I remember having feelings like this. But now, with perspective, it wasn't *that* bad. I think my time frame was similar to yours, an hour or two at a time. I developed coping (and without smartphones!), such as taking a book, that got me through it.
And, like you said, there are many family situations that are so-so. But everybody has them, everybody develops ways of dealing with them. And hopefully the encounters aren't ALL bad.
I wish I had asked more questions. No, not about personal stuff or secrets, but about historical stuff. My grandmother witnessed women's getting the vote. I wish I had asked her about that. I wish I had asked her about the Depression, when she had the only job in the family. I wish I had asked more about the realities of living in a small midwestern town. I DID start to ask her these things, but then it was too late.
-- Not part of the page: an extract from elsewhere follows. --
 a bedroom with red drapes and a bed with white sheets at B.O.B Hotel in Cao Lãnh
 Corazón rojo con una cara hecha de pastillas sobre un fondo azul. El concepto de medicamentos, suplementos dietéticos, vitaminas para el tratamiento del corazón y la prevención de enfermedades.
I know your grandmother is probably much younger than that. But she likely straddles one of the most significant divides in history, that of the digital revolution. It is really interesting to see how society has changed and is still changing in response to this revolution. Ask her about it - and don't accept superficial answers like "we all had to use a rotary dial on a telephone, ha-ha." Get deeper.
Ask her if she read girls' fiction and what the subjects were. (I remember reading many a teen girl book where the general emphasis was to have true girlfriends, and yes, boyfriends, but not "serious." (Honestly it took me DECADES before I realized what "serious" was a code word for, lol!) Ask her if and when she and her friends began to color their hair and what constituted female attractiveness. Did girls spend money getting their nails done? Did messages change about what the trajectory of one's life should be (remember, she probably straddled the women's movement as well.) How were her relationships with *her* grandparents? Were they alive?
Asking these questions and others you will think of - and you will find it harder to get serious answers than you would think - will make you ask questions about your own that will really make your life and environment more interesting. I wish I had done more of that.